§ **What the task requires**
Reproduce the lines of the material exactly, excluding every image.

START Source data

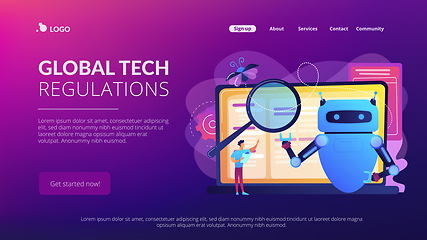 Image showing Artificial intelligence regulations concept landing page.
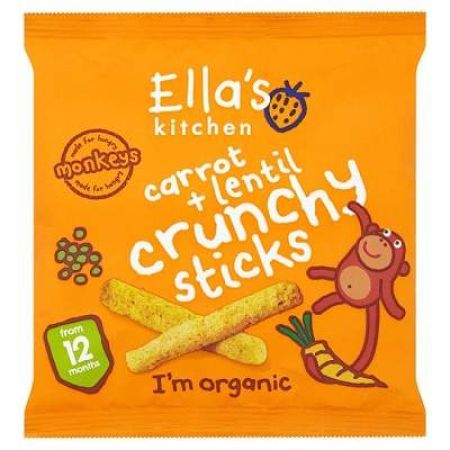 Mini sticksuri cu morcov si linte  organice, 15 g, Ella s Kitchen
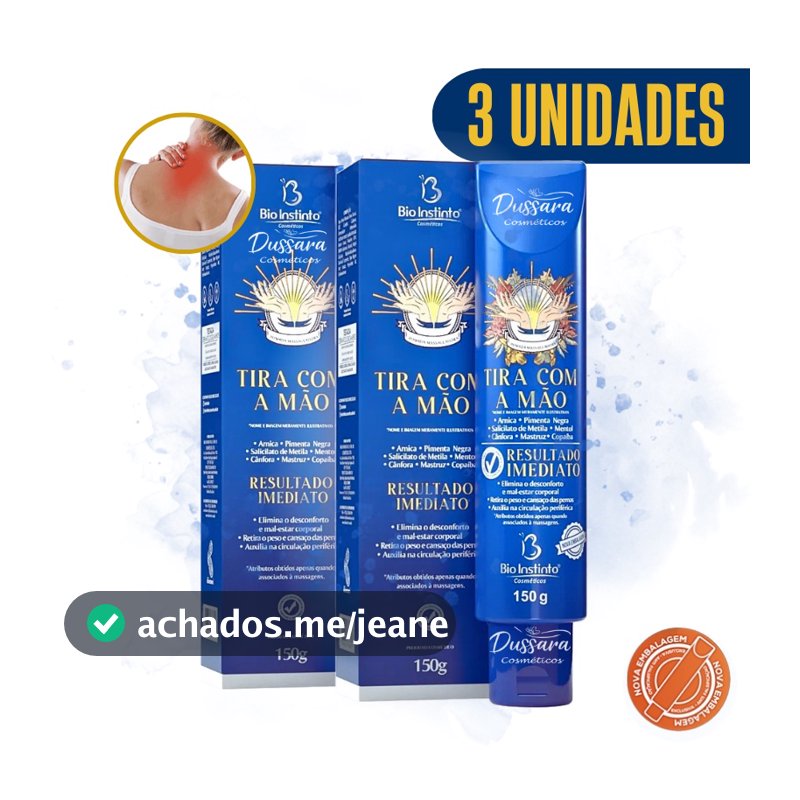Kit 3 Pomada Massageadora Tira com a Mão - 150g - Bio Instinto Relaxa Imediatamente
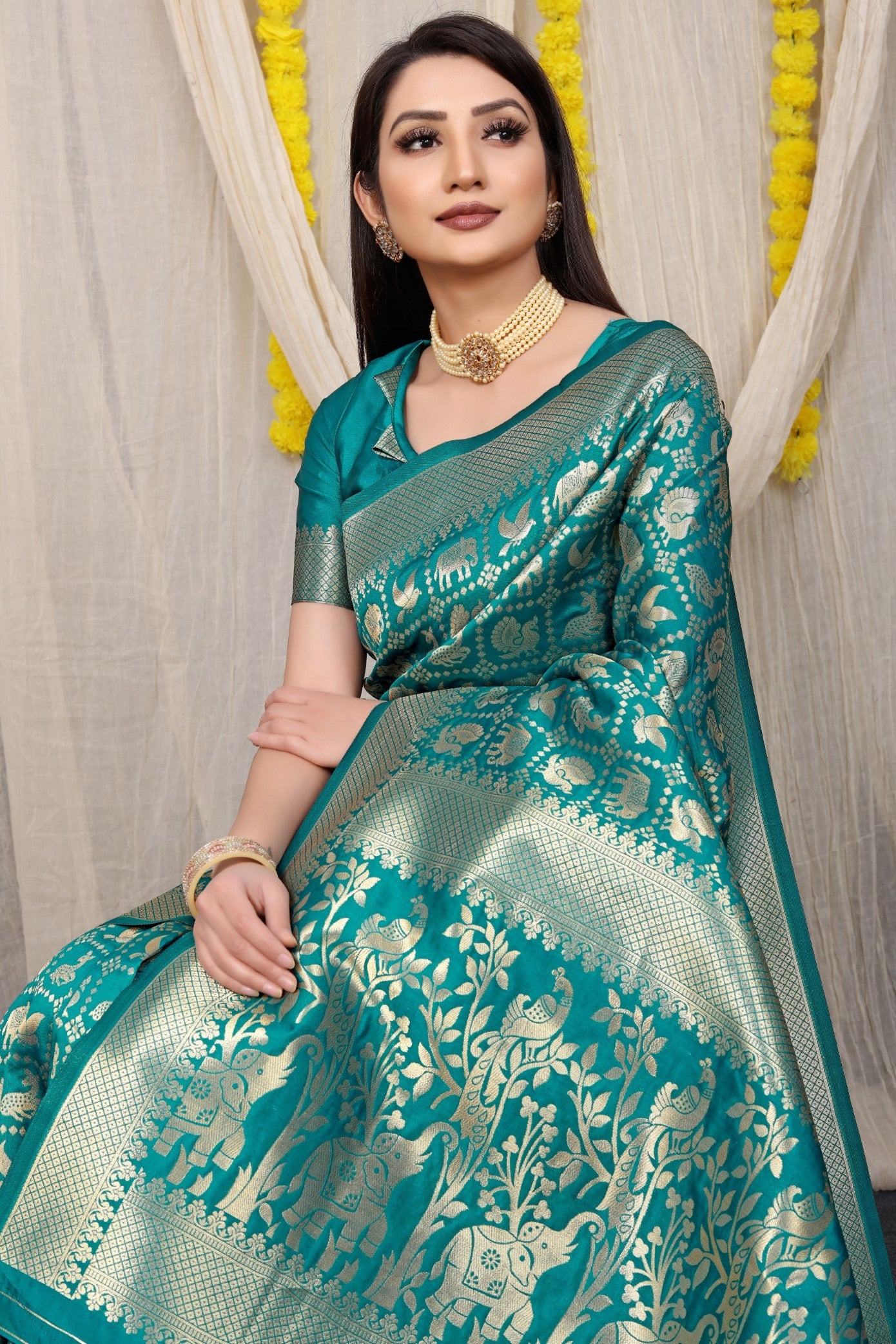 Designer Teal Patola Pure Silk Saree With Gold Jari Weaving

END Source data

§ **Response to the exercise**
 Image showing Artificial intelligence regulations concept landing page.
 Mini sticksuri cu morcov si linte  organice, 15 g, Ella s Kitchen
Kit 3 Pomada Massageadora Tira com a Mão - 150g - Bio Instinto Relaxa Imediatamente
 Designer Teal Patola Pure Silk Saree With Gold Jari Weaving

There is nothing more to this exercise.